Ernest Hemingway
For Whom the Bell Tolls
(1940)
(trad. Monteiro Lobato)
"- Tu já mataste alguém? - inquiriu Jordan animado pela intimidade que a escuridão favorecia e por um dia passado em comum.
- Sim, muitas vezes. Mas nunca me senti satisfeito. Para mim matar um homem é pecado. Mesmo quando são fascistas que é preciso matar. Eu, por mim, acho grandes diferenças entre um homem e um urso e não acredito nessa bruxaria dos ciganos a respeito da fraternidade com animais.
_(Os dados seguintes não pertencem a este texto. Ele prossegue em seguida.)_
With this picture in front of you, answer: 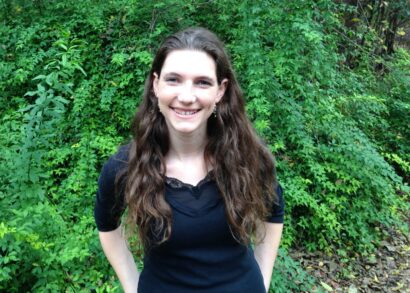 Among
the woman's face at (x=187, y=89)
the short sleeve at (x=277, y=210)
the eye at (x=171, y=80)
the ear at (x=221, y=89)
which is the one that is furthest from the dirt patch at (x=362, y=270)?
the eye at (x=171, y=80)

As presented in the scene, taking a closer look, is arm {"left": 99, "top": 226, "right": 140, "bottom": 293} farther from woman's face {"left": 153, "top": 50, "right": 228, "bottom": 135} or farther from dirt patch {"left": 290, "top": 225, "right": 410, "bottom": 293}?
dirt patch {"left": 290, "top": 225, "right": 410, "bottom": 293}

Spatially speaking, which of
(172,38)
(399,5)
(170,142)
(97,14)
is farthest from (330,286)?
(399,5)

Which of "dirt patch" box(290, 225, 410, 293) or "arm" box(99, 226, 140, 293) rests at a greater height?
"arm" box(99, 226, 140, 293)

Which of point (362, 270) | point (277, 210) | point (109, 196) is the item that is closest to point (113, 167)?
point (109, 196)

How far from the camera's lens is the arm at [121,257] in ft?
6.62

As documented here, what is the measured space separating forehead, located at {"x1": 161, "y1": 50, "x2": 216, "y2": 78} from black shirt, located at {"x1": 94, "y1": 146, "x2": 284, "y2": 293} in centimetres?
45

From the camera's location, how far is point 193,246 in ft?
5.66

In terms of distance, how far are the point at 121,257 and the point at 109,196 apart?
1.32 feet

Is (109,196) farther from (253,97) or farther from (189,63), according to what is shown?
(253,97)

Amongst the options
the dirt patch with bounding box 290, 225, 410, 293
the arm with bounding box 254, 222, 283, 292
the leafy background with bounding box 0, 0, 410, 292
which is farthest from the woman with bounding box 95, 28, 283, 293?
the dirt patch with bounding box 290, 225, 410, 293

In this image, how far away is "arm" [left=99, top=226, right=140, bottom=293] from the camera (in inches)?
79.4

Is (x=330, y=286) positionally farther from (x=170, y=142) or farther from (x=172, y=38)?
(x=172, y=38)

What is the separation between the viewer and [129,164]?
1.82m

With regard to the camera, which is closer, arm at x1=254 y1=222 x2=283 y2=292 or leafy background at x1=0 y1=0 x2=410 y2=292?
arm at x1=254 y1=222 x2=283 y2=292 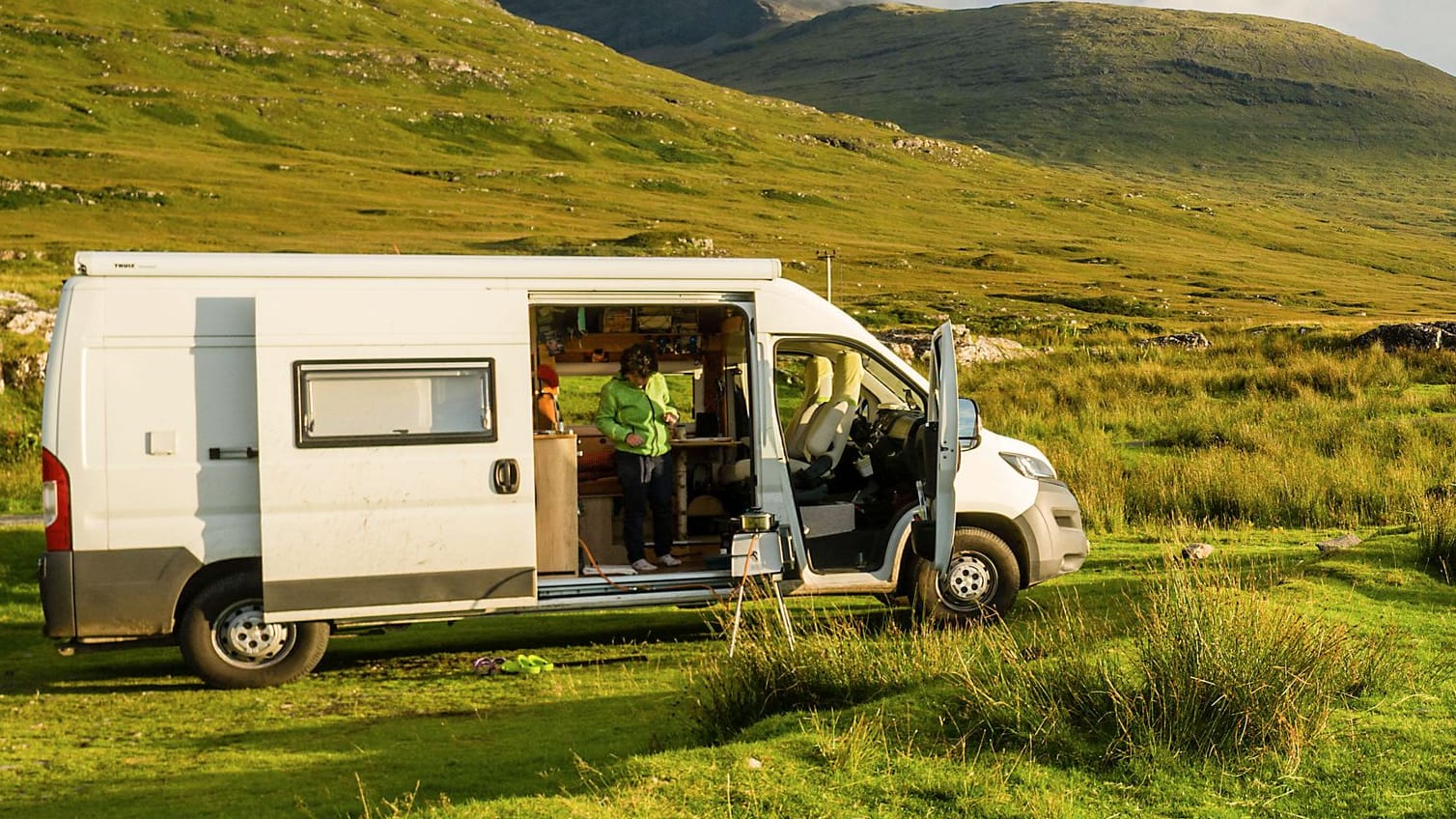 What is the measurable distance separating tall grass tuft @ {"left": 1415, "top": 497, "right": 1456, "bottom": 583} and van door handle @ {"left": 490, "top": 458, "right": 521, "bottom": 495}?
7.28 m

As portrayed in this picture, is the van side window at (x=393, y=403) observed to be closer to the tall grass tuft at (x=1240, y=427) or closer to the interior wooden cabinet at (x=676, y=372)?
the interior wooden cabinet at (x=676, y=372)

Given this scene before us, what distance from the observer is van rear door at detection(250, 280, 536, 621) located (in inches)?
343

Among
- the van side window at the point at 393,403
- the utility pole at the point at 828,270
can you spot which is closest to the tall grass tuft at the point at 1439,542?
the utility pole at the point at 828,270

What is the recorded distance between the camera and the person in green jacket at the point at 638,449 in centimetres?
1048

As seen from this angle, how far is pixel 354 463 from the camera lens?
884 centimetres

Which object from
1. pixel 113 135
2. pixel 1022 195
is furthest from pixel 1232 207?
pixel 113 135

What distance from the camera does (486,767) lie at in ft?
22.8

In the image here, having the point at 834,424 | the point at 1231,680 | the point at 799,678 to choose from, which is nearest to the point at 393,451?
the point at 799,678

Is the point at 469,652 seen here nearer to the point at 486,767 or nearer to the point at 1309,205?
the point at 486,767

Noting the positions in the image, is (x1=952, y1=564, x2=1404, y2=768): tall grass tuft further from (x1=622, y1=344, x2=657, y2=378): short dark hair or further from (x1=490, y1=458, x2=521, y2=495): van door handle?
(x1=622, y1=344, x2=657, y2=378): short dark hair

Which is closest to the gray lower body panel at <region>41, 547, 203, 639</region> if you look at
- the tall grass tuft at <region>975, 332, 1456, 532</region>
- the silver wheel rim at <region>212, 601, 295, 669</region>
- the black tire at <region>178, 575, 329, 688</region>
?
the black tire at <region>178, 575, 329, 688</region>

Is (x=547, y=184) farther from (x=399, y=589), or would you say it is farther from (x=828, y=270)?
(x=399, y=589)

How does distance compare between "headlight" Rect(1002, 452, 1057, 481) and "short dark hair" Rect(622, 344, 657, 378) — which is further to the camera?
"headlight" Rect(1002, 452, 1057, 481)

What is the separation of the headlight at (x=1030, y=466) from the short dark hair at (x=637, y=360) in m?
2.85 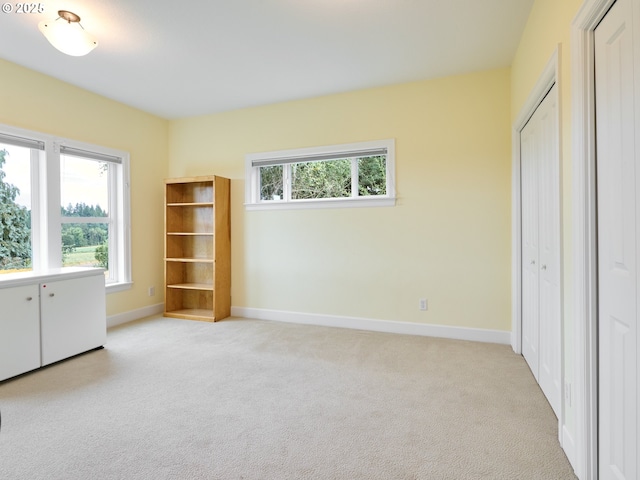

Não, eu sou contrário à matança de homens.
- E, no entanto, mataste.
- Sim. E voltarei a matar. Mas se escapar com vida hei-de fazer o possível por viver de modo a não fazer mal a ninguém, a fim de ser perdoado.
- Por quem?
- Quem é que sabe? Desde que não há Deus, nem Filho, nem Espírito Santo, quem pode perdoar? Eu não sei.
- Então já não tens Deus?
- Não, homem. É certo que não. Se houvesse Deus ele nunca permitiria que se visse o que tenho visto com estes que a terra há-de comer. Podemos deixar-lhes o Deus.
- Eles reclamam-no.
- É claro que Ele me faz falta, pois fui educado com religião. Mas agora um homem tem que ser responsável por si.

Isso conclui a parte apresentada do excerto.